Pegando o exemplo da Alemanha, percebemos que tudo é uma questão de “acordos”. É claro que a União Europeia quer que Google e Facebook passem a ter mais responsabilidades sobre as suas plataformas e, quem sabe, realizar acordos comerciais com empresas que hoje se veem afetadas e negligenciadas pelo conteúdo que vagueia nestes dois grandes canais. A questão é o que acontecerá com as pequenas e médias companhias? De acordo com o texto dos Artigos 15 e 17, as regras serão mais brandas, contudo, não estabelece claramente quão brandas serão.

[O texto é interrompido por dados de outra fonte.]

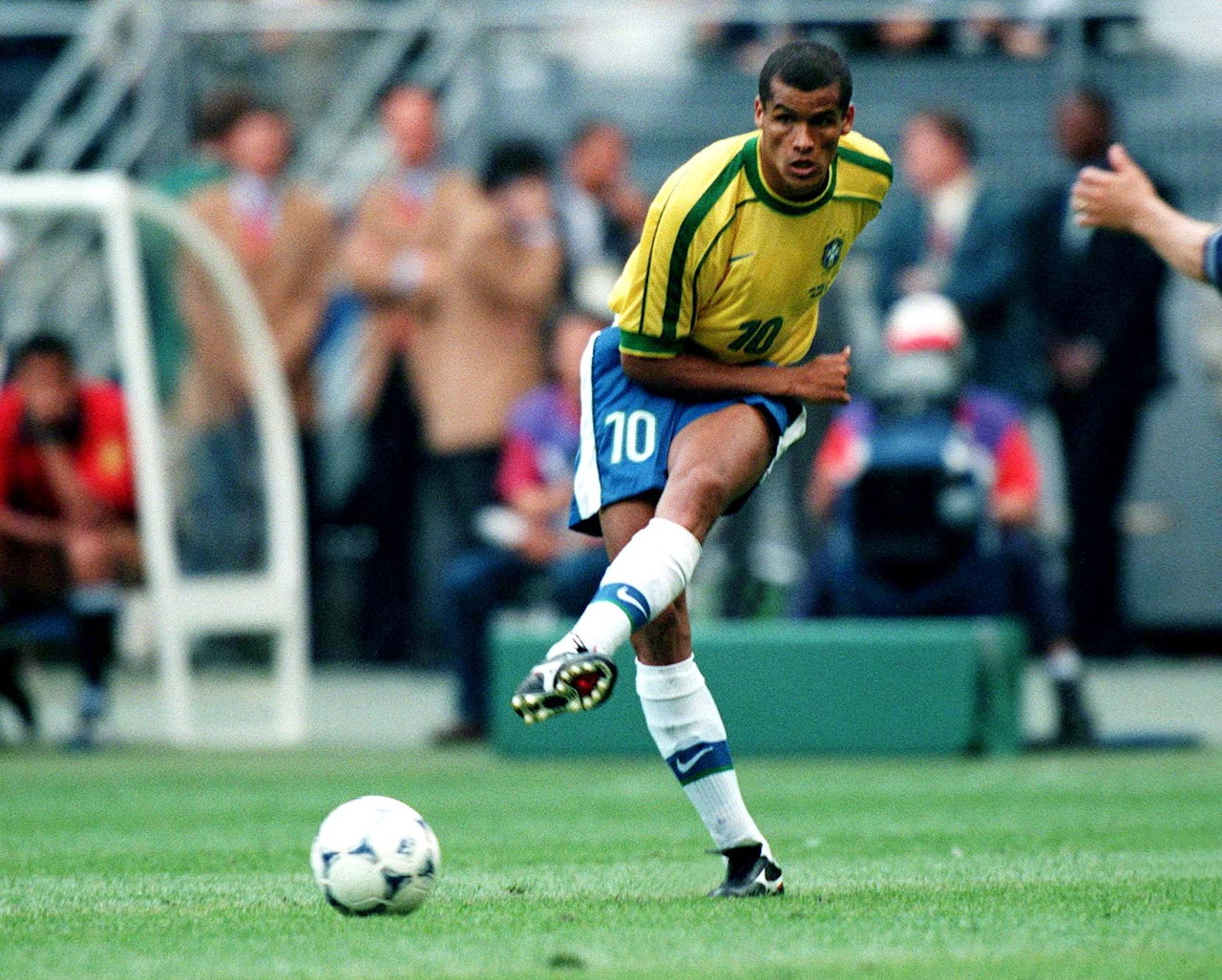 病潮问题 病潮问题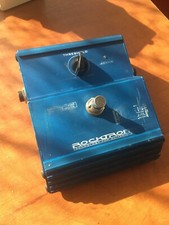 noise suppressor for sale noise suppressor for sale MANCHESTER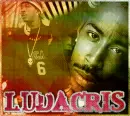 ludacris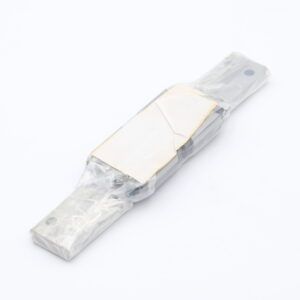 c9ff1686968ef9fbf72c6352e9e5e272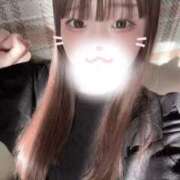 ヒメ日記 2026/01/10 18:45 投稿 しずく 舐めたくてグループ～君とサプライズ学園～越谷校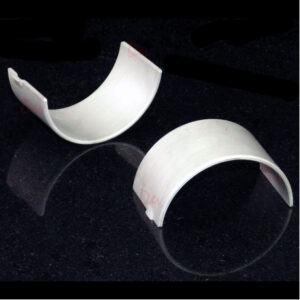 Lister LR LD SL Big End Bearing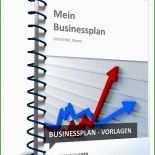 Businessplan Powerpoint Vorlage Kostenlos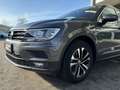 Volkswagen Tiguan Comfortline BMT Start-Stopp Navi Apple CarPlay And Gris - thumbnail 7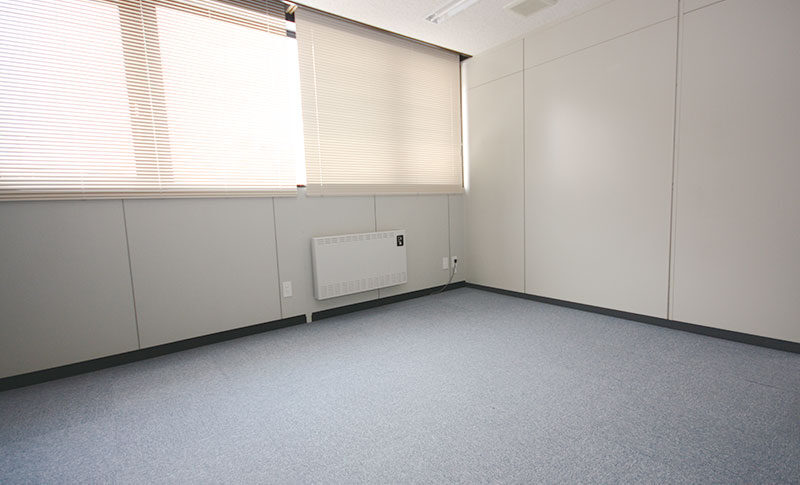 SAKURA-N33個室オフィス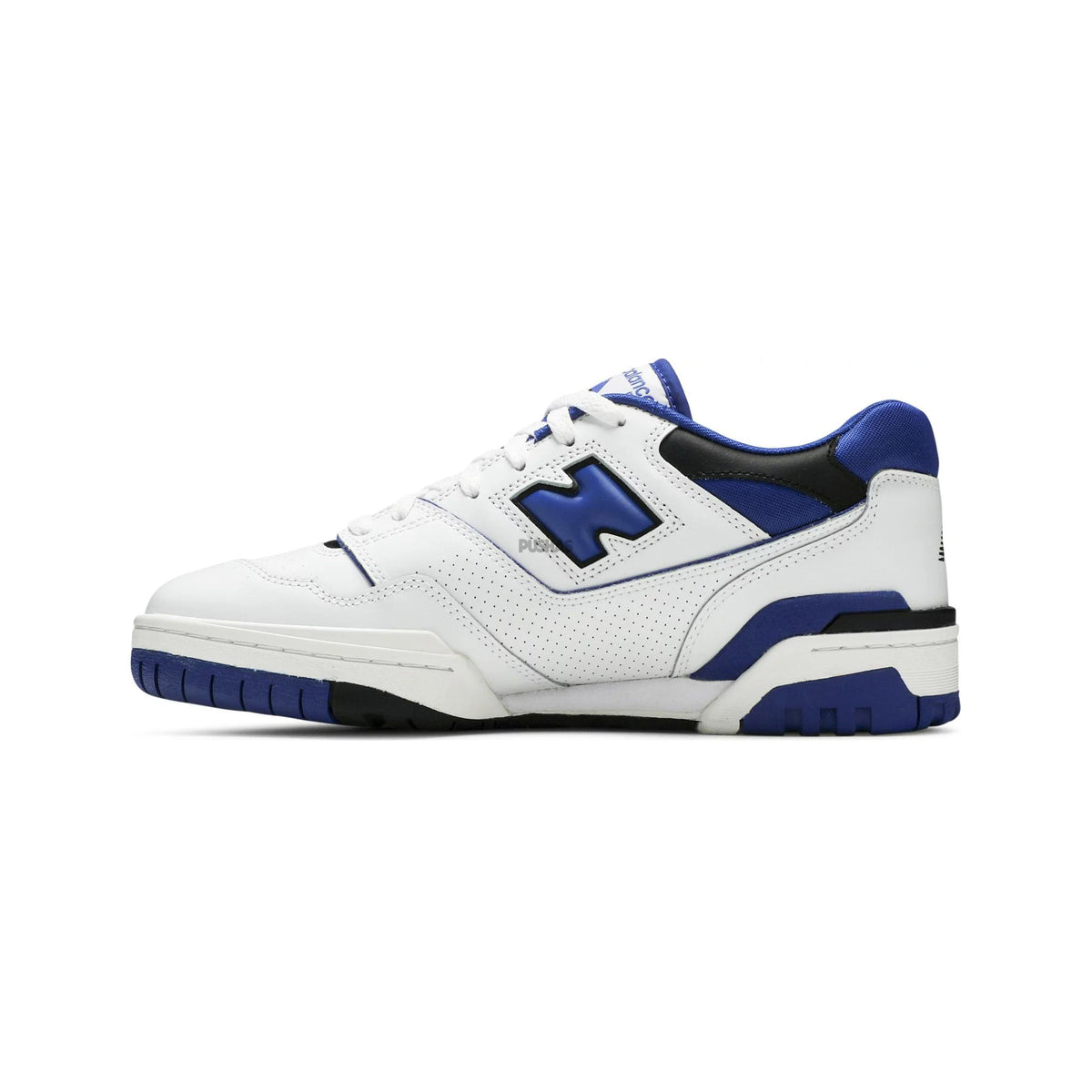 New Balance 550 'White Blue' (2020)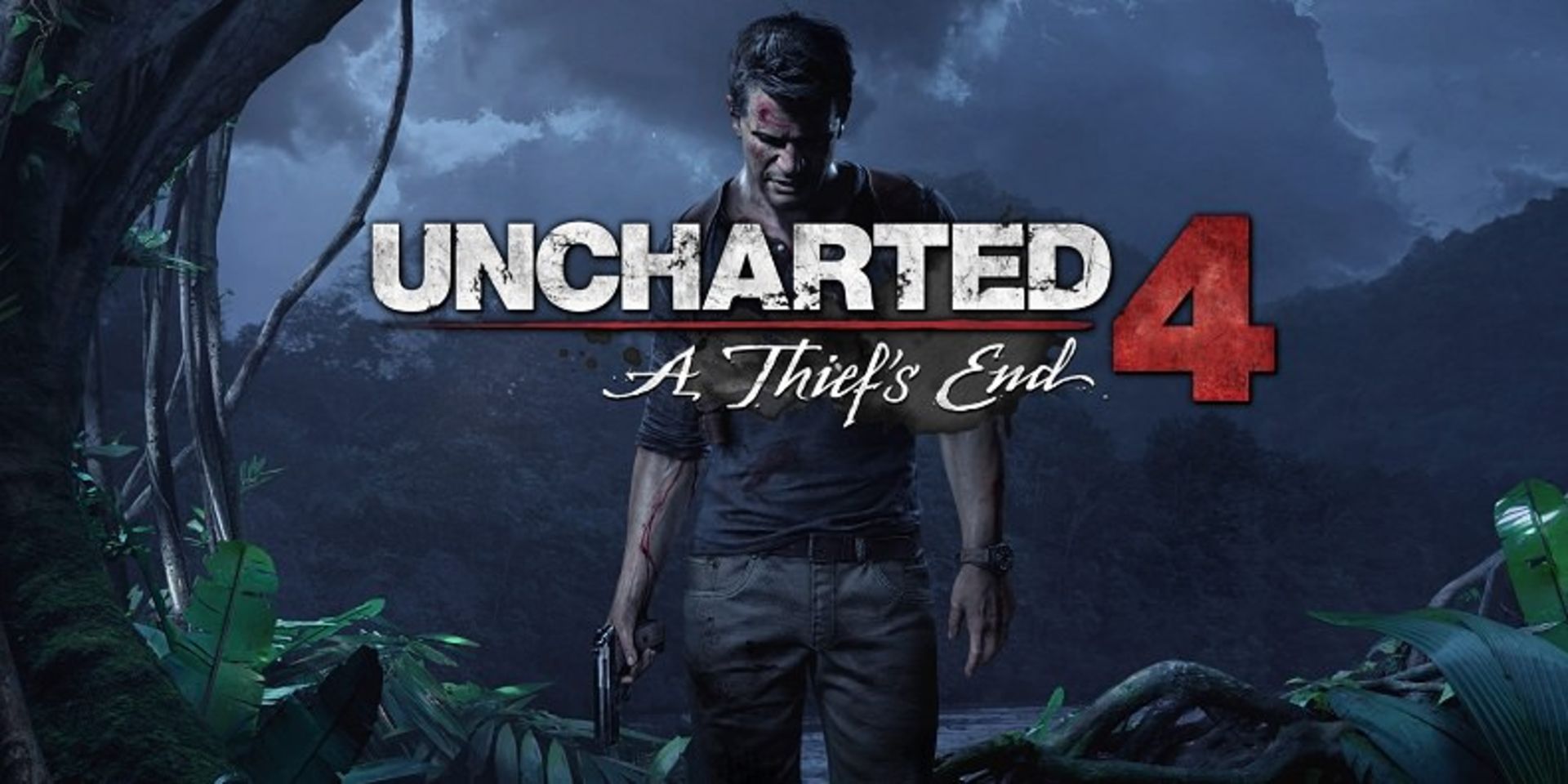 2014-12-uncharted-4-a-thiefs-end-huge-hero-01-ps4-us-05jun14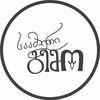 საამური გემო
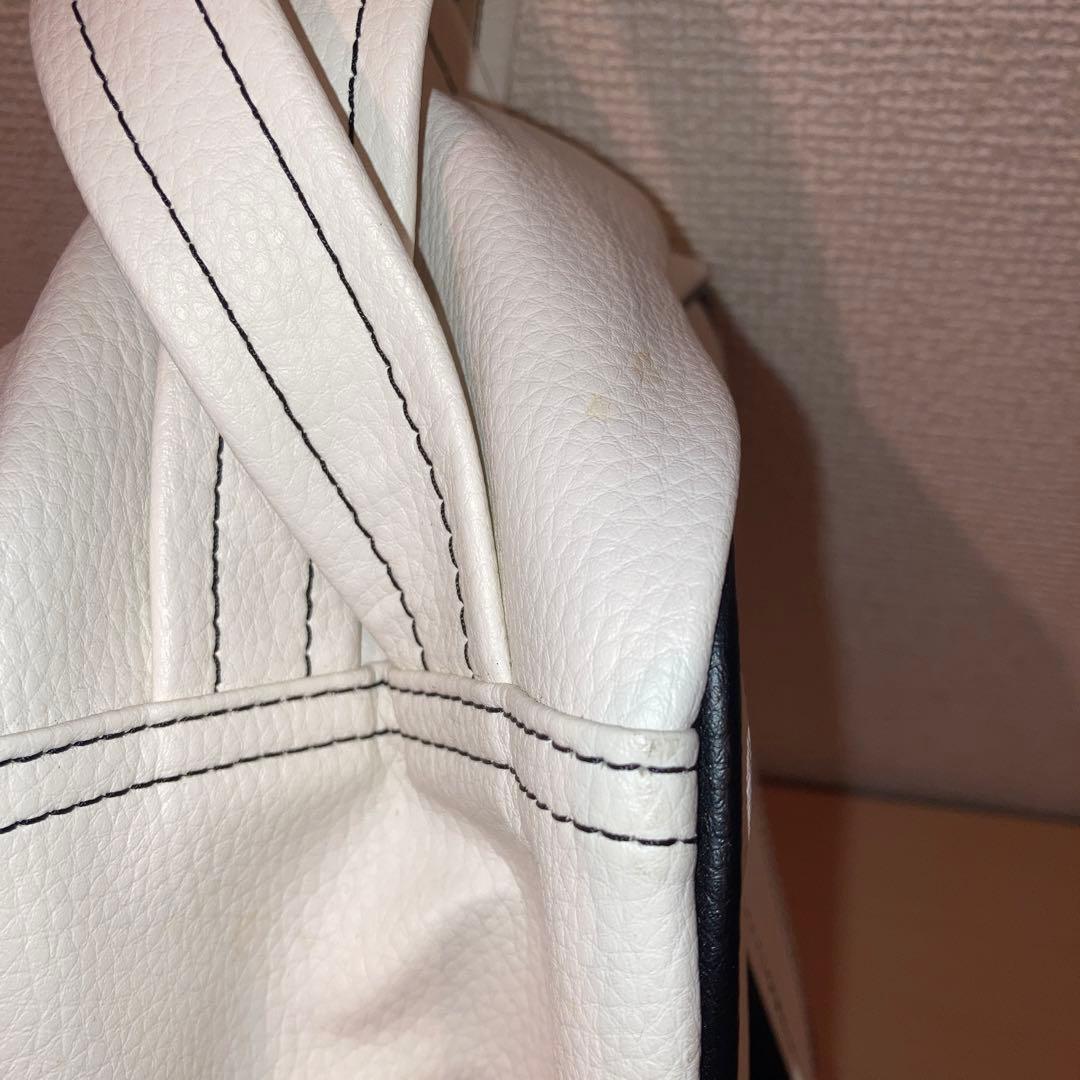 希少レア　【JONES】ジョーンズ　ゴルフシューズ　ケース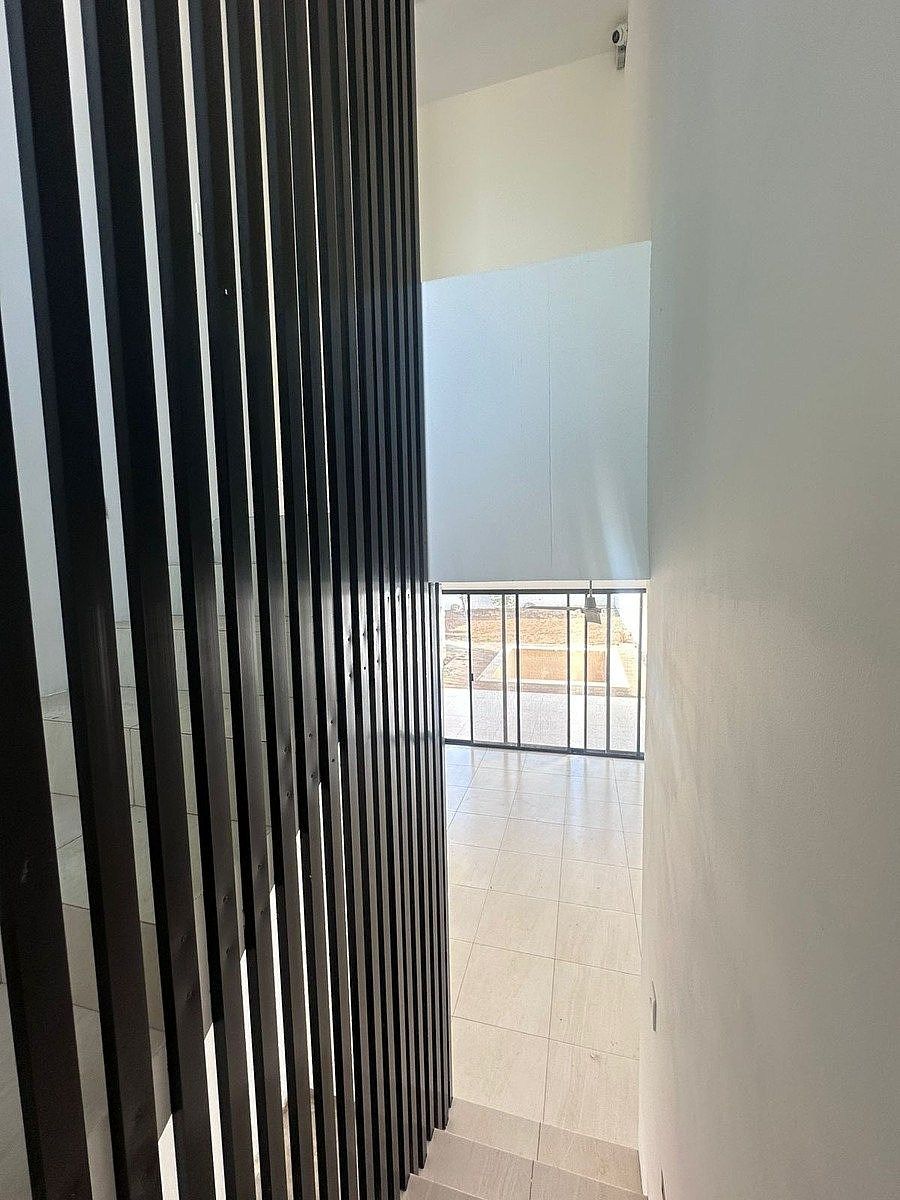 Casa en Dzityá, Mérida, foto 47 de 50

Por fim, um movimento positivo que vem sendo analisado por alguns ativistas alemães em relação à aprovação da Diretiva de Direitos Autorais da EU é que, apesar da forma como foi criada, estamos estabelecendo um diálogo e uma discussão maior sobre a atuação das grandes empresas de tecnologia no continente europeu (e no mundo), bem como promovendo a alfabetização midiática. Em entrevista ao canal ZDF, o sociólogo Volker Grassmuck falou um pouco sobre a importância dos criadores de conteúdo estarem comprometidos com seus interesses econômicos para além do lobby do Google: “os usuários do YouTube ainda não têm um sindicato, apenas alguns votos individuais em seus canais. Eles agora estão descobrindo a rua para expressar suas opiniões.”

Com a aprovação do projeto, precisamos parar de pontuar que a lei de direitos autorais vai acabar com a Internet, pois é importante que comecemos a encontrar soluções para que isso não aconteça e encarar que essa será nossa realidade daqui para frente. Assim como aconteceu com o caso da GEMA, na Alemanha, o Google sabe como superar desafios através de acordos, mas e nós?